#### [What you should do]
Write out only the lines from the line containing "Tiny photo for" to the end of the listing below, both included, exactly as they stand. Drop the pictures.

#### [Data]

-----

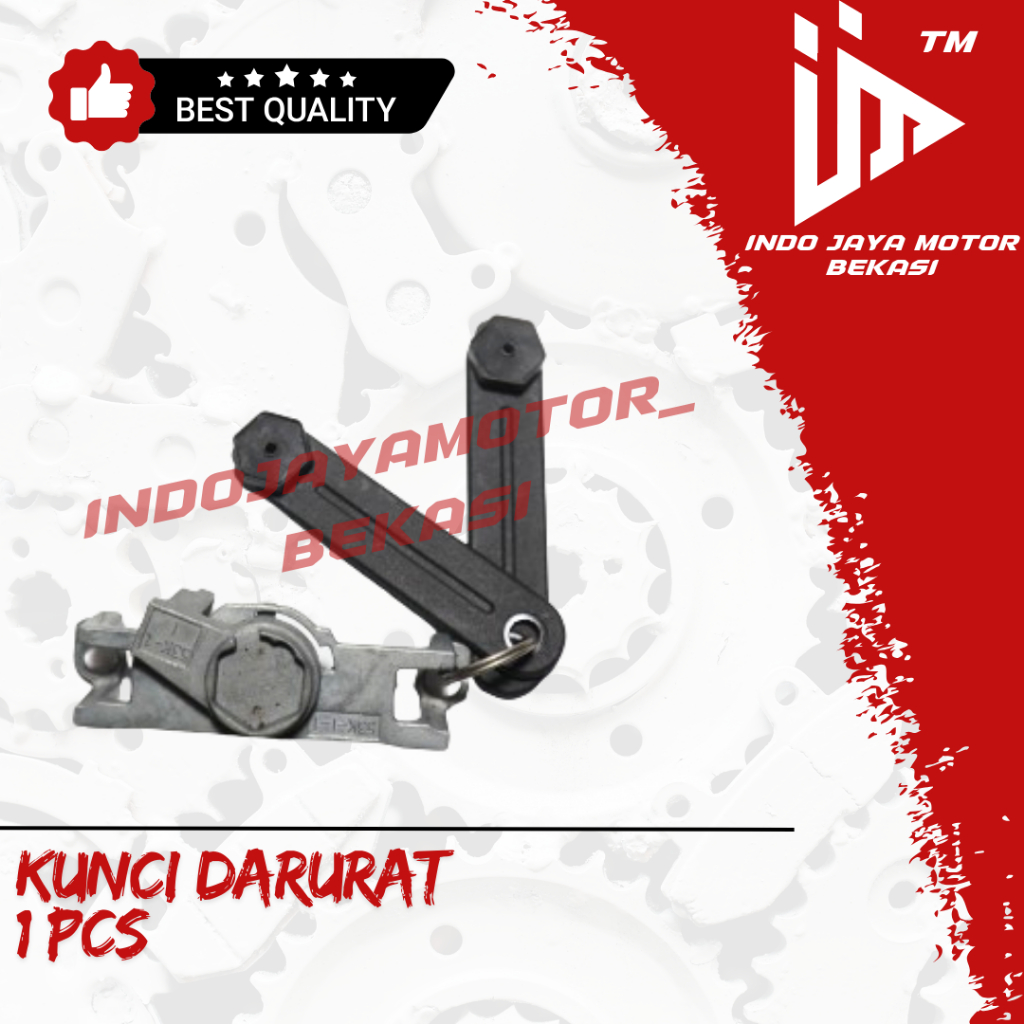 Kunci darurat emergency key set honda Pcx 150 160 Adv scoopy keyless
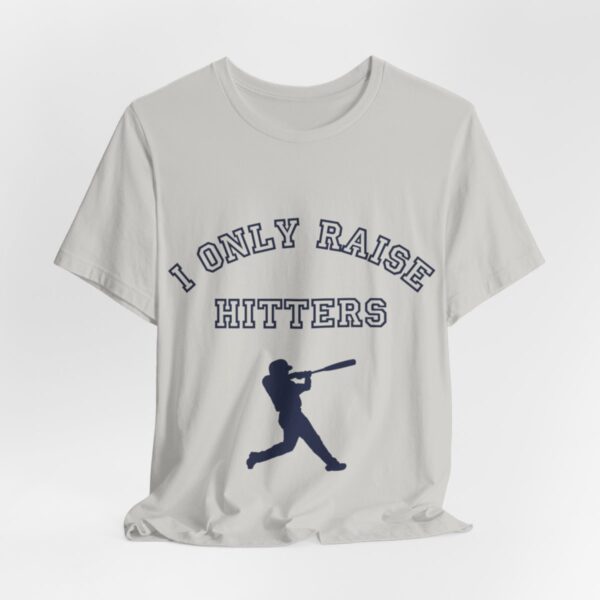 Bedstuy Sluggers - I Only Raise Hitters - BL - Unisex Jersey Short Sleeve Tee
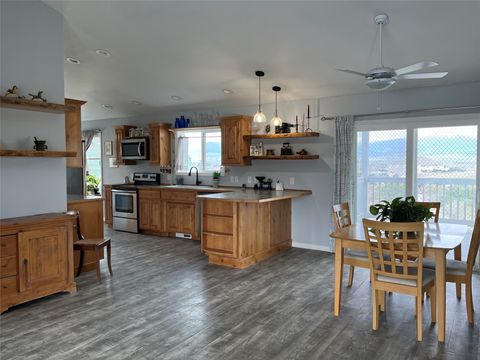 Tiny photo for 104 Hope Drive, Townsend, MT 59644 (MLS # 30071185)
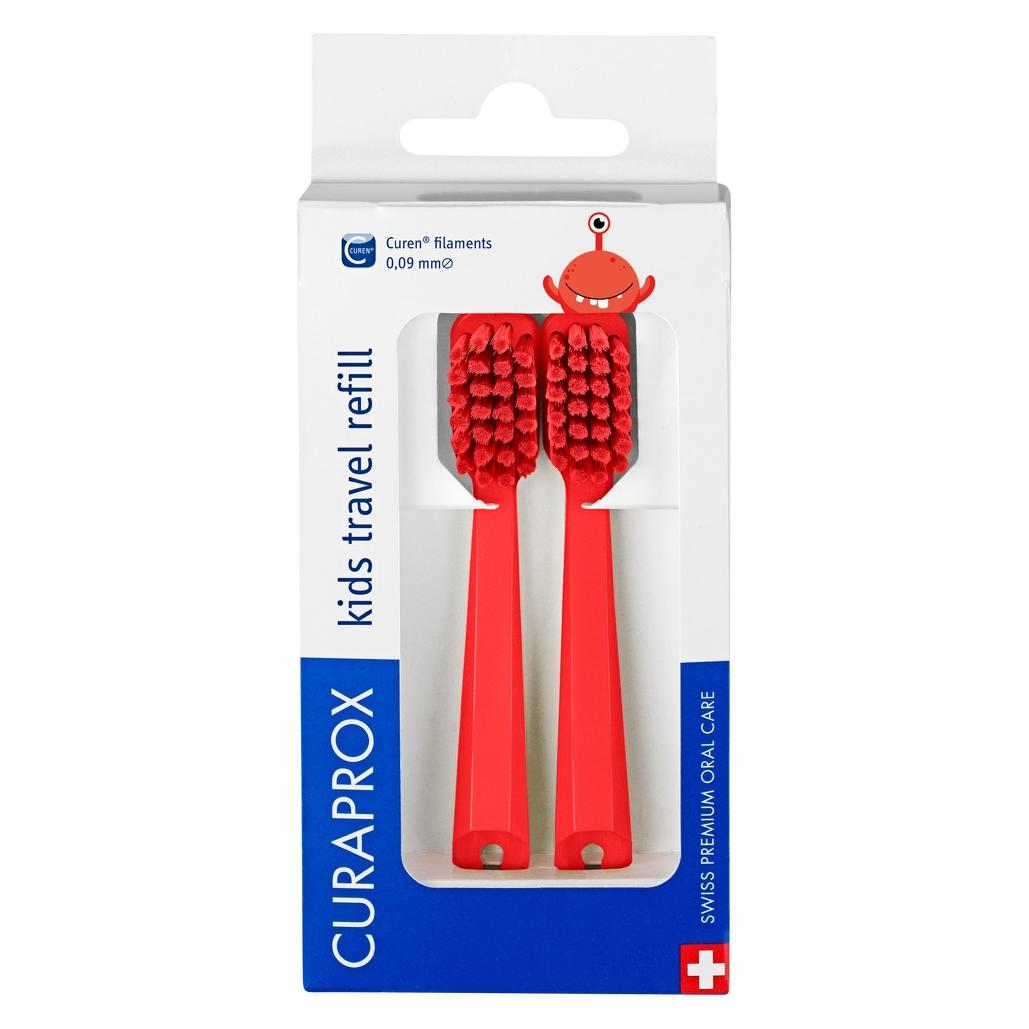 Curaprox Travel Set rot Box (Weich, 1x) (73360804)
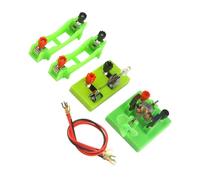 Modèle de moteur D C pour les expériences d'électromagnétisme dans les écoles en métal et pour les applications éducatives à long terme Moteur d'expérimentation physique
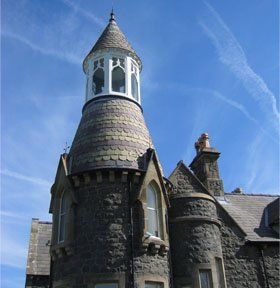 Listed building planning applications  - North Wales - Heritage Planning Consultancy - Historic building 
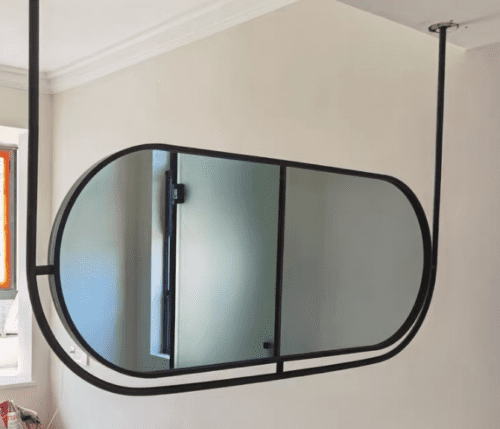 Horizontal Sunshine Hanging Mirror photo review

-----

#### [Response area]
 Tiny photo for 104 Hope Drive, Townsend, MT 59644 (MLS # 30071185)
 Curaprox Travel Set rot Box (Weich, 1x) (73360804)
 Modèle de moteur D C pour les expériences d'électromagnétisme dans les écoles en métal et pour les applications éducatives à long terme Moteur d'expérimentation physique
 Listed building planning applications  - North Wales - Heritage Planning Consultancy - Historic building 
 Horizontal Sunshine Hanging Mirror photo review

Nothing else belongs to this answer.